About this exercise> Where the records below reach the line containing "گردگیر دنده خودرو باران مدل P02 پراید", start transcribing, and end with the line containing "Sol Y Relax, Aguila", exactly and with nothing else added.

##### Excerpted data

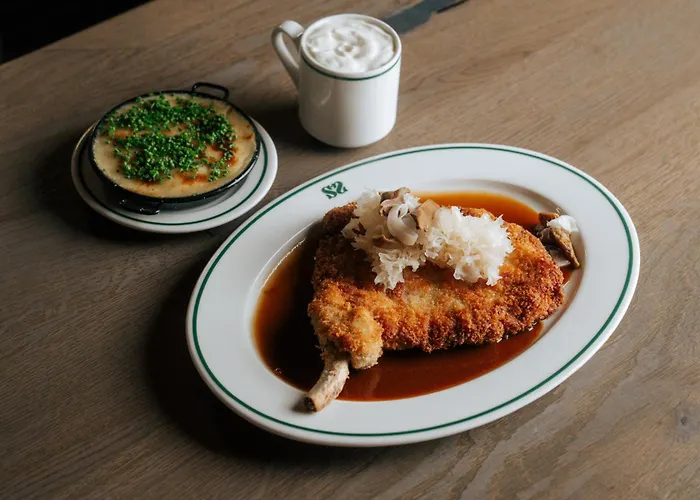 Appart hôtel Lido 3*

##########
##### Excerpted data

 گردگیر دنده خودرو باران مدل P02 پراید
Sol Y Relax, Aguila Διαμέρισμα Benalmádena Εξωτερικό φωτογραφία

##########

Problem solution>
 گردگیر دنده خودرو باران مدل P02 پراید
Sol Y Relax, Aguila Διαμέρισμα Benalmádena Εξωτερικό φωτογραφία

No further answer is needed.